Dans une déclaration, le Conseil de sécurité a réaffirmé mercredi « son ferme attachement à la souveraineté, à l'indépendance, à l'intégrité territoriale et à l'unité d'Haïti, et souligne que c'est au gouvernement et à la population haïtiens qu'il incombe au premier chef d'instaurer la paix et la stabilité et d'œuvrer au relèvement d'Haïti ».

Le Conseil a salué « la contribution apportée par la communauté internationale au processus de stabilisation en Haïti, notamment au renforcement des institutions législatives, judiciaires et exécutives du pays » et s'est « félicité du processus électoral qui se poursuit en Haïti ».

Il a également souligné qu'il est important « que ce processus soit mené à bien d'une manière pacifique, crédible et légitime afin de contribuer à la consolidation de la démocratie, de faciliter l'achèvement de la réforme constitutionnelle et de constituer une base solide pour la poursuite des activités de relèvement ».

Mardi, après l'annonce des résultats des élections, la MINUSTAH a invité « tous les candidats ayant des contestations relatives à ces résultats préliminaires à les introduire dans le strict respect des prescrits de la Loi électorale ».
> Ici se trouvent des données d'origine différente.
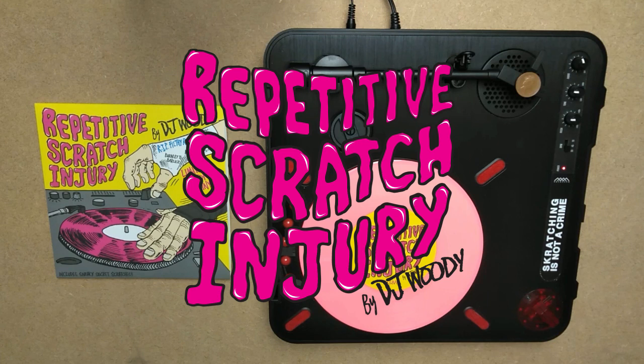What's up, this is Woody. I'm going to give you a run through of my new 7 inch repetitive scratch injury.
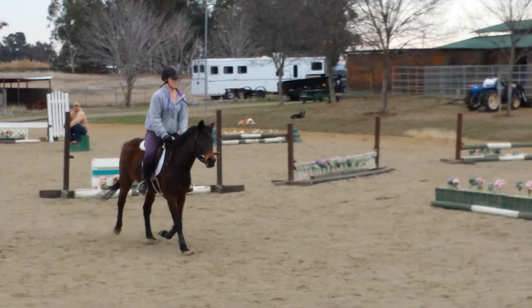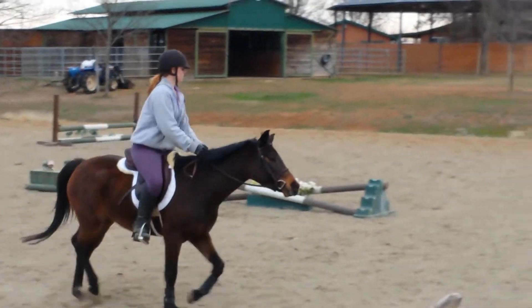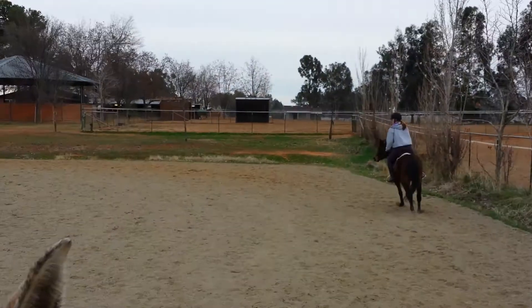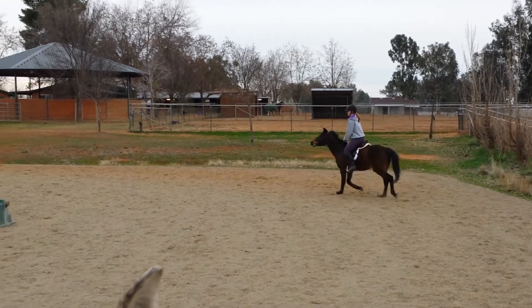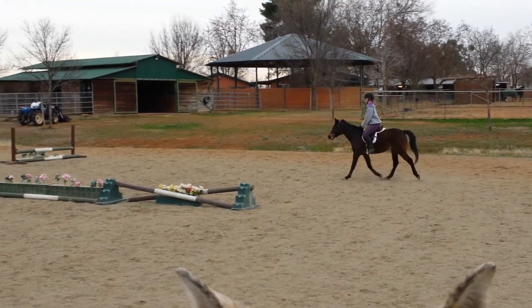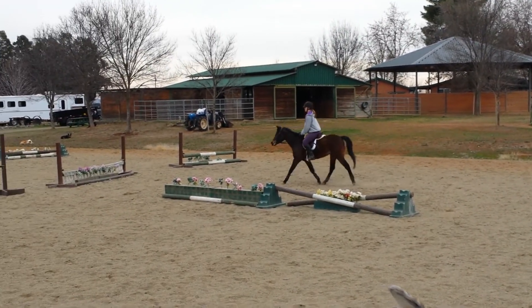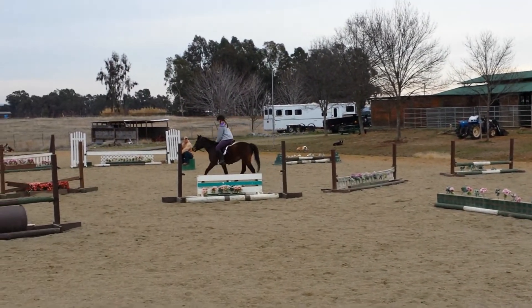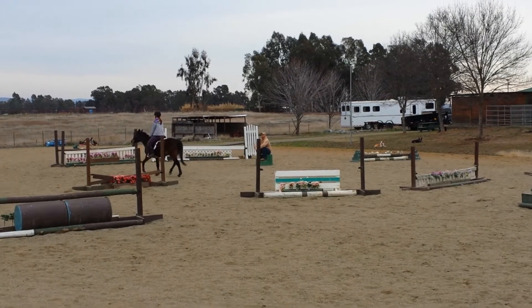Don't look down, keep your leg on. Don't look down at it and close your leg. First time over the gate — very well done.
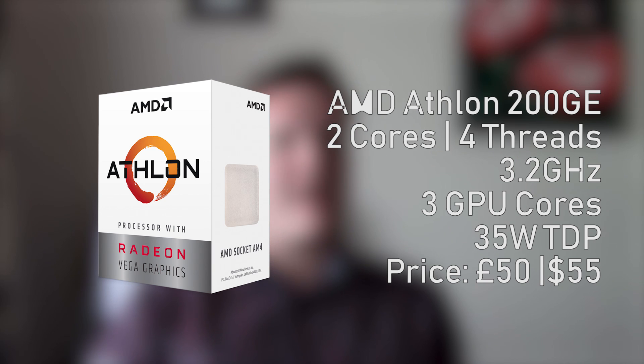Hello everyone and welcome to another video. In today's one I want to give you my initial impressions of AMD's new entry-level Athlon 200GE APU. At £50 here in the UK or $55 US dollars, it's clear to see that this APU is designed to compete with Intel's entry-level Pentium chips. I've had a couple of days to test it out in my personal system — this isn't a full review, rather my first impressions of using this entry-level chip.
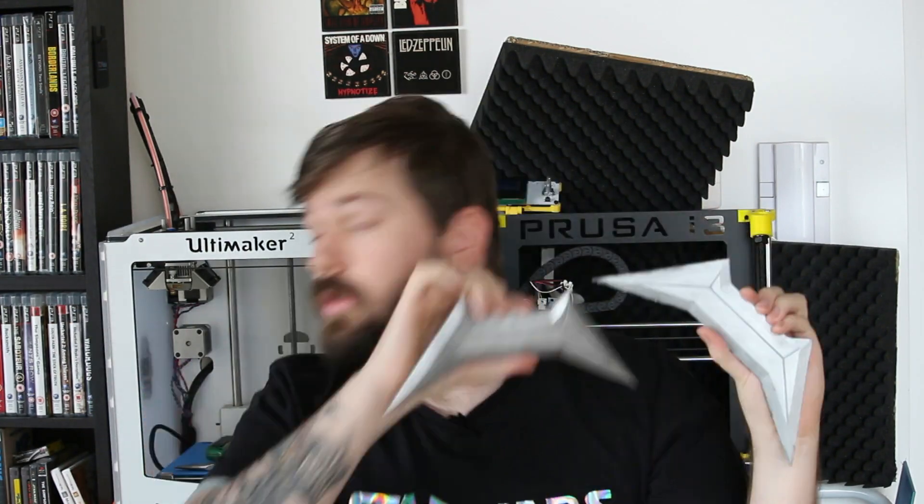Welcome to another video where I'll be using SOLIDWORKS and 3D printing to create awesome things. These are my own quick concept design of a batarang from Batman. There were two techniques used to finish this: one was 3D printed and hand painted, and the other was 3D printed and cast out of silicone and resin — two very different ways of finishing 3D prints at a very high quality.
« Considérant le large écart entre les deux candidats et alors que ces résultats préliminaires peuvent faire l'objet de contestations, il semble difficile d'imaginer que le processus de contestation des voix puisse inverser ce résultat provisoire », a indiqué la porte-parole de la MINUSTAH, Sylvie Van Den Wildenberg, au Centre d'actualités de l'ONU.